By Giuseppe Fonte and Angelo Amante
ROME (Reuters) -Italian Economy Minister Giancarlo Giorgetti said on Wednesday he would resign if he were overruled on “golden power” conditions the government has tied to UniCredit’s bid for smaller bank Banco BPM.
Giorgetti, from the hard-right League party, was speaking in the Senate after reports in Italian newspapers, citing government sources, suggested that changes in the conditions were possible, but were being resisted by the minister.
He told reporters that without the full support of Prime Minister Giorgia Meloni on the UniCredit-Banco BPM he would quit immediately.
“If there were the slightest misalignment (with Meloni) you wouldn’t find a resignation threat, but the resignation itself. You don’t announce your resignation, you do it,” Giorgetti said.

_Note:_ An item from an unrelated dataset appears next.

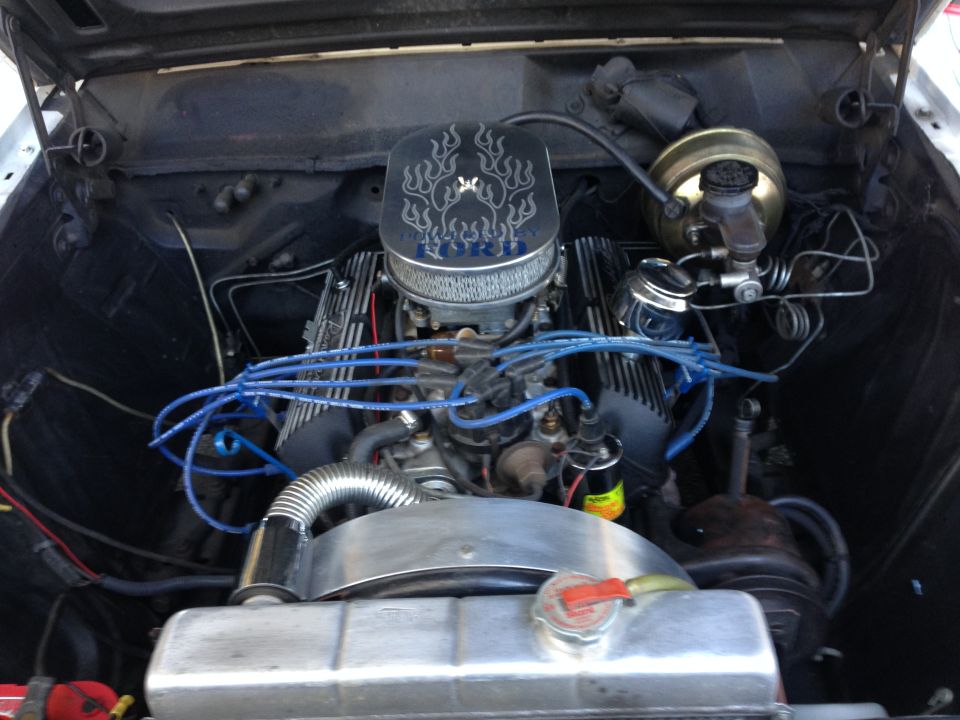 Engine bay with V8 engine, chrome air cleaner with flame decals, and blue spark plug wires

UniCredit’s swoop on BPM, which derailed Rome’s plans to combine BPM with state-backed Monte dei Paschi di Siena, is part of a wave of proposed takeover bids rocking Italian banking.
In order to clear the deal, Meloni’s administration has given UniCredit nine months to cease its activities in Russia and asked it not to reduce BPM’s loan-to-deposit ratio for five years.
The co-ruling Forza Italia party, led by Foreign Minister Antonio Tajani, is pushing Meloni to ease these conditions, political sources have told Reuters.
The party is being lobbied by Italian firms that are still relying on UniCredit to pursue their business activities in Russia, the sources said, even though these have been much-reduced since Moscow’s invasion of Ukraine in 2022.
Giorgetti is determined to maintain a hard-line on UniCredit after the government said it was protecting Rome’s strategic interests by avoiding “even the slightest risk” of aiding Russia’s economy where the bank operates.
Meloni has not recently spoken publicly on the issue.
Giorgetti said the government was focused on monitoring compliance with the golden power conditions, and its response to issues raised by both Banco BPM and UniCredit would be fully coordinated between the Treasury and Meloni’s office.
UniCredit has appealed to an administrative court against the terms set by the government, and its CEO Andrea Orcel said on Tuesday it could let the offer lapse because it was no longer financially advantageous under the conditions imposed.
Banco BPM also said it would appeal to an administrative court against a decision by Italian market regulator Consob to suspend the buyout offer for 30 days, to give UniCredit time to negotiate the golden power terms with the government.
“They all go to court in this country and things get messy,” Giorgetti said.